■ **Directions for this task**
Omit all pictures. Print the remaining lines exactly, from the start of the data through the line containing "42 Killawarra Drive, Taree NSW 2430".

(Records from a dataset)
★ ★ ★

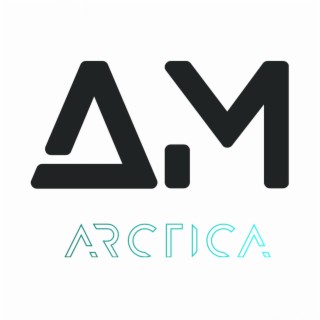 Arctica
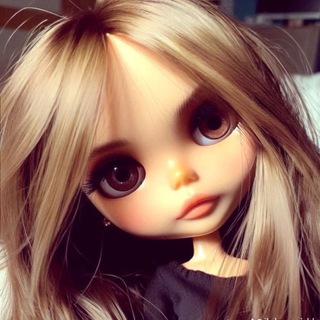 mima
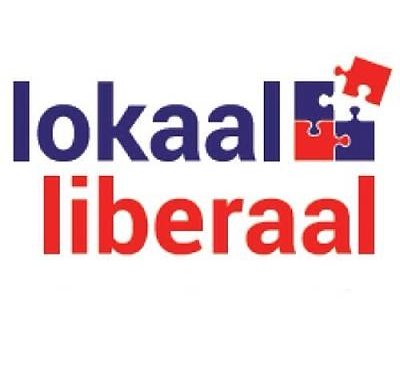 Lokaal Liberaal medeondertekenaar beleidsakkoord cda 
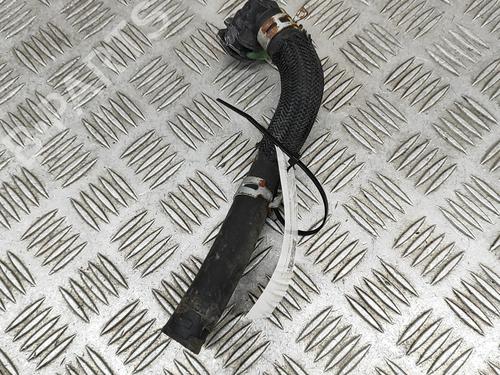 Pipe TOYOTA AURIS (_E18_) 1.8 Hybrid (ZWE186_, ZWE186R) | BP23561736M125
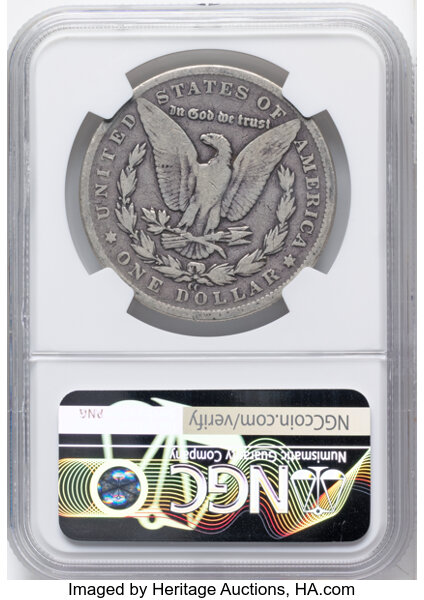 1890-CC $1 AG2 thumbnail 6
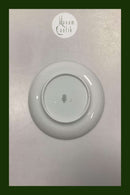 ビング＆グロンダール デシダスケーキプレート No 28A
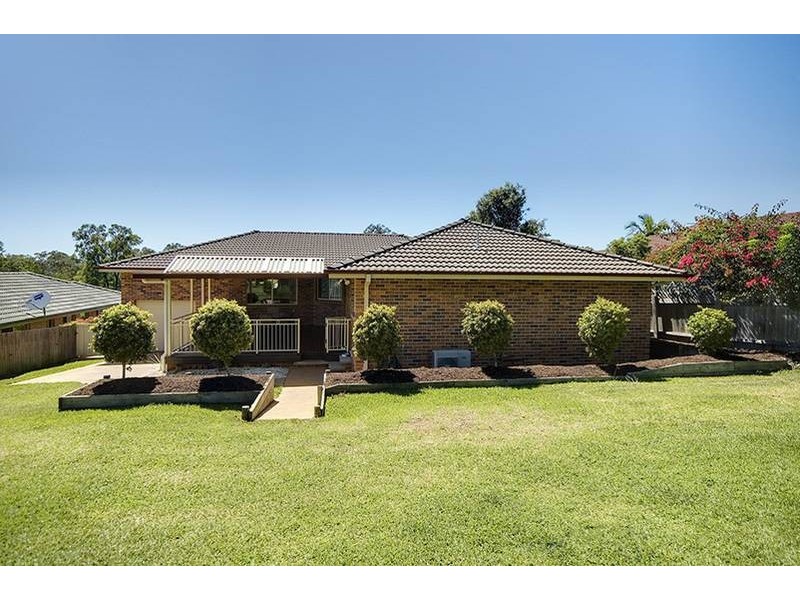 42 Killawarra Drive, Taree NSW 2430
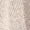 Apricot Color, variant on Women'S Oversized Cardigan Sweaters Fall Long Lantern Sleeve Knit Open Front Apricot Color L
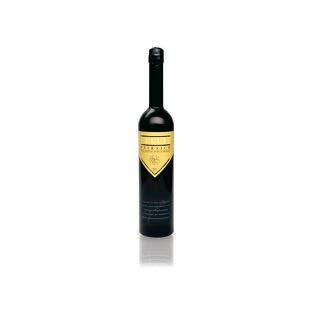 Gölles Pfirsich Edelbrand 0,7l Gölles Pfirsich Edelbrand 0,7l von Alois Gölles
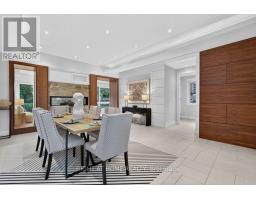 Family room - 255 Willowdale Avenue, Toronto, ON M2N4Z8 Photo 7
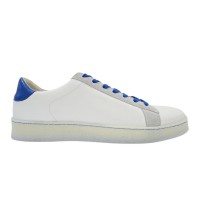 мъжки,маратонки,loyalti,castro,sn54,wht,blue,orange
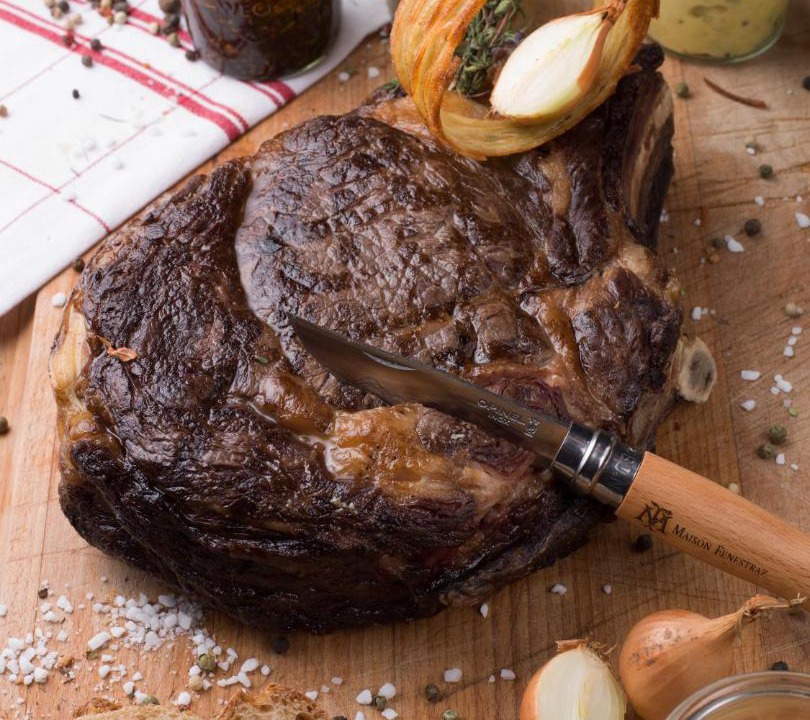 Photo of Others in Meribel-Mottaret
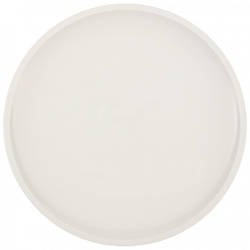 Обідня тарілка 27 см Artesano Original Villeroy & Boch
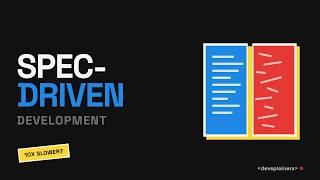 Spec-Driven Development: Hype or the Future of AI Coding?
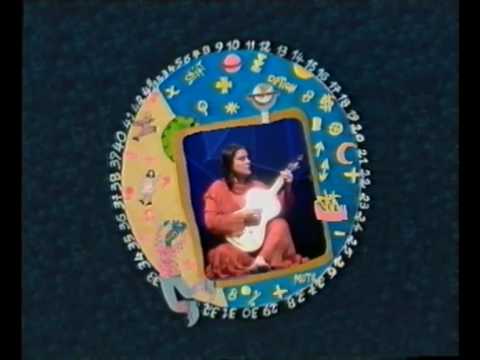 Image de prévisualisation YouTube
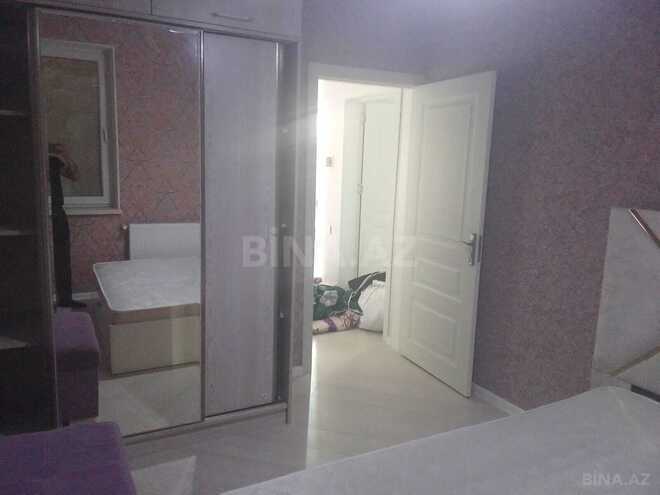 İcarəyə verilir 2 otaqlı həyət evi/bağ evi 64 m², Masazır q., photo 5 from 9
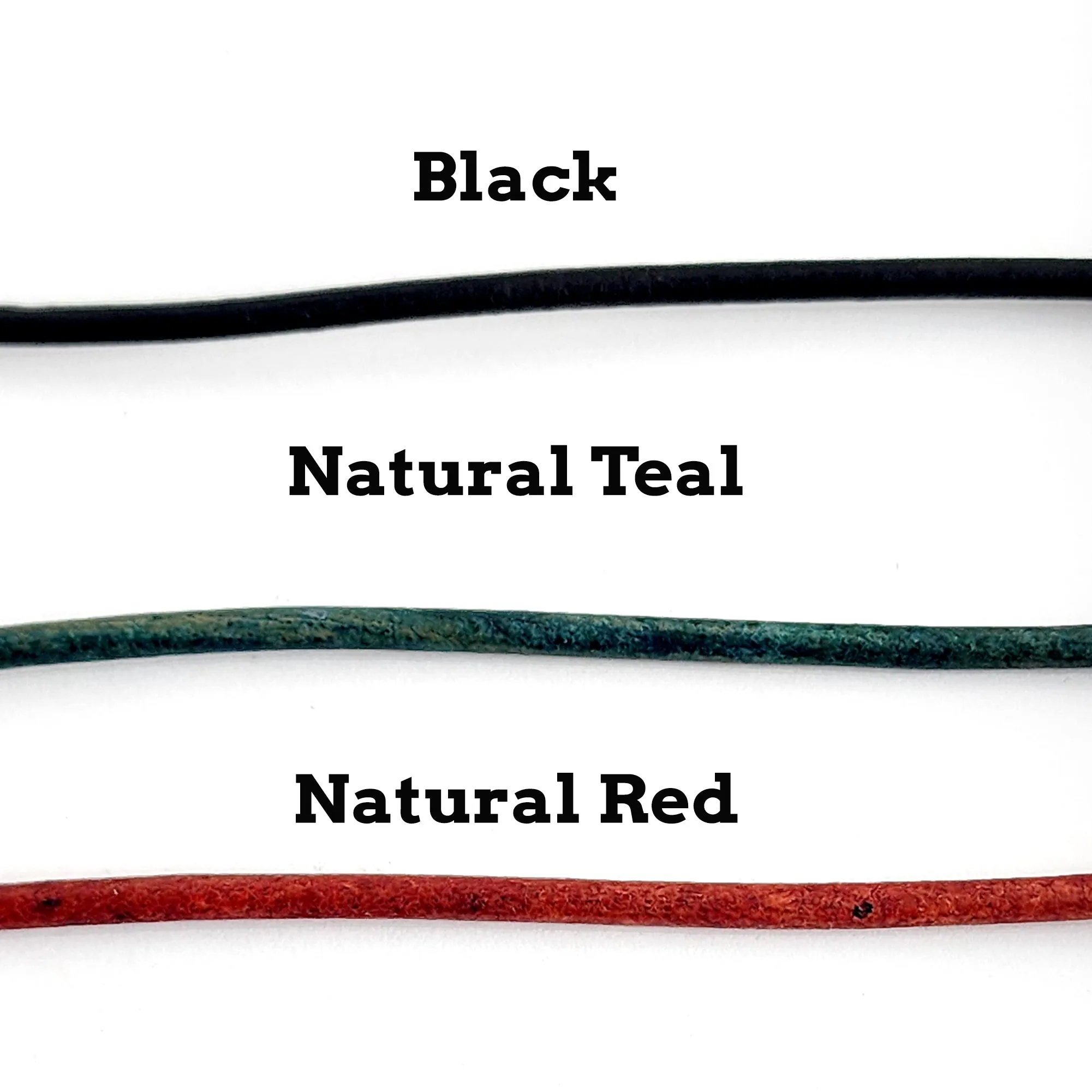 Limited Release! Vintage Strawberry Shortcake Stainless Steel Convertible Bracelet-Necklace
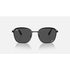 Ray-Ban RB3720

★ ★ ★

■ **Solution to this task**
 Arctica
 mima
 Lokaal Liberaal medeondertekenaar beleidsakkoord cda 
 Pipe TOYOTA AURIS (_E18_) 1.8 Hybrid (ZWE186_, ZWE186R) | BP23561736M125
 1890-CC $1 AG2 thumbnail 6
 ビング＆グロンダール デシダスケーキプレート No 28A
 42 Killawarra Drive, Taree NSW 2430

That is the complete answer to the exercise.